● Task description
Transcribe the records below. Leave nothing out and change nothing.

● Caption-style text data
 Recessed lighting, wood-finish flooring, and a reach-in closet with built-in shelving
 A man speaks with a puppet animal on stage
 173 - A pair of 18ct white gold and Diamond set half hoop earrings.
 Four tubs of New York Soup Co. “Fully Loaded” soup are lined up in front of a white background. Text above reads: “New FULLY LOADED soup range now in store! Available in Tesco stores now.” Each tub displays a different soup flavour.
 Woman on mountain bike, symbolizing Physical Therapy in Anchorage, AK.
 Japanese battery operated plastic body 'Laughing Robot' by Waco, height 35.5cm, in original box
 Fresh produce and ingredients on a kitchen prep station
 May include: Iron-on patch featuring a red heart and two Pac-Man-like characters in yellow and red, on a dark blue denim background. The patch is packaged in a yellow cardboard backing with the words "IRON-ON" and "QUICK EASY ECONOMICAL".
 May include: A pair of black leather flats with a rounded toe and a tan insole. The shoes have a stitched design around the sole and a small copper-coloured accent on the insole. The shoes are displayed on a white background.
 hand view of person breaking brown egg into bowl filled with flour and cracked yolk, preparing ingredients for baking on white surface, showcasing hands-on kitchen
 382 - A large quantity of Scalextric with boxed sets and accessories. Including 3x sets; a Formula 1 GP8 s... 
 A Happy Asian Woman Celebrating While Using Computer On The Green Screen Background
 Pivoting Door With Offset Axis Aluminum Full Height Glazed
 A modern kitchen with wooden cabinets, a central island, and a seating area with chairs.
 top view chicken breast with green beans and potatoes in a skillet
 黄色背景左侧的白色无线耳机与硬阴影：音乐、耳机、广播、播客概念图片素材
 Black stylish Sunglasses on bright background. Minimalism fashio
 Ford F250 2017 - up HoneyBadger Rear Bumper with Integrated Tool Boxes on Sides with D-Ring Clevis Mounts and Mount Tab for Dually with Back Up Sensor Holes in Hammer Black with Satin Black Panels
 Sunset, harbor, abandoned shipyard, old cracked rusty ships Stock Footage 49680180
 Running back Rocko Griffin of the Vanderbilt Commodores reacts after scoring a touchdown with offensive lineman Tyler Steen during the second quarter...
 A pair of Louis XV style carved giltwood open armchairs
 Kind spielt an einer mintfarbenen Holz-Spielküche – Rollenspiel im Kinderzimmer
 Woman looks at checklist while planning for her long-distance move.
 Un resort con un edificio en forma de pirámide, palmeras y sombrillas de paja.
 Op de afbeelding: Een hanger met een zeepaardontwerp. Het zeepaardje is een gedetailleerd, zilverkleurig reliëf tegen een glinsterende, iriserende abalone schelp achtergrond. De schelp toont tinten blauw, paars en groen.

● Worked solution
 Recessed lighting, wood-finish flooring, and a reach-in closet with built-in shelving
 A man speaks with a puppet animal on stage
 173 - A pair of 18ct white gold and Diamond set half hoop earrings.
 Four tubs of New York Soup Co. “Fully Loaded” soup are lined up in front of a white background. Text above reads: “New FULLY LOADED soup range now in store! Available in Tesco stores now.” Each tub displays a different soup flavour.
 Woman on mountain bike, symbolizing Physical Therapy in Anchorage, AK.
 Japanese battery operated plastic body 'Laughing Robot' by Waco, height 35.5cm, in original box
 Fresh produce and ingredients on a kitchen prep station
 May include: Iron-on patch featuring a red heart and two Pac-Man-like characters in yellow and red, on a dark blue denim background. The patch is packaged in a yellow cardboard backing with the words "IRON-ON" and "QUICK EASY ECONOMICAL".
 May include: A pair of black leather flats with a rounded toe and a tan insole. The shoes have a stitched design around the sole and a small copper-coloured accent on the insole. The shoes are displayed on a white background.
 hand view of person breaking brown egg into bowl filled with flour and cracked yolk, preparing ingredients for baking on white surface, showcasing hands-on kitchen
 382 - A large quantity of Scalextric with boxed sets and accessories. Including 3x sets; a Formula 1 GP8 s... 
 A Happy Asian Woman Celebrating While Using Computer On The Green Screen Background
 Pivoting Door With Offset Axis Aluminum Full Height Glazed
 A modern kitchen with wooden cabinets, a central island, and a seating area with chairs.
 top view chicken breast with green beans and potatoes in a skillet
 黄色背景左侧的白色无线耳机与硬阴影：音乐、耳机、广播、播客概念图片素材
 Black stylish Sunglasses on bright background. Minimalism fashio
 Ford F250 2017 - up HoneyBadger Rear Bumper with Integrated Tool Boxes on Sides with D-Ring Clevis Mounts and Mount Tab for Dually with Back Up Sensor Holes in Hammer Black with Satin Black Panels
 Sunset, harbor, abandoned shipyard, old cracked rusty ships Stock Footage 49680180
 Running back Rocko Griffin of the Vanderbilt Commodores reacts after scoring a touchdown with offensive lineman Tyler Steen during the second quarter...
 A pair of Louis XV style carved giltwood open armchairs
 Kind spielt an einer mintfarbenen Holz-Spielküche – Rollenspiel im Kinderzimmer
 Woman looks at checklist while planning for her long-distance move.
 Un resort con un edificio en forma de pirámide, palmeras y sombrillas de paja.
 Op de afbeelding: Een hanger met een zeepaardontwerp. Het zeepaardje is een gedetailleerd, zilverkleurig reliëf tegen een glinsterende, iriserende abalone schelp achtergrond. De schelp toont tinten blauw, paars en groen.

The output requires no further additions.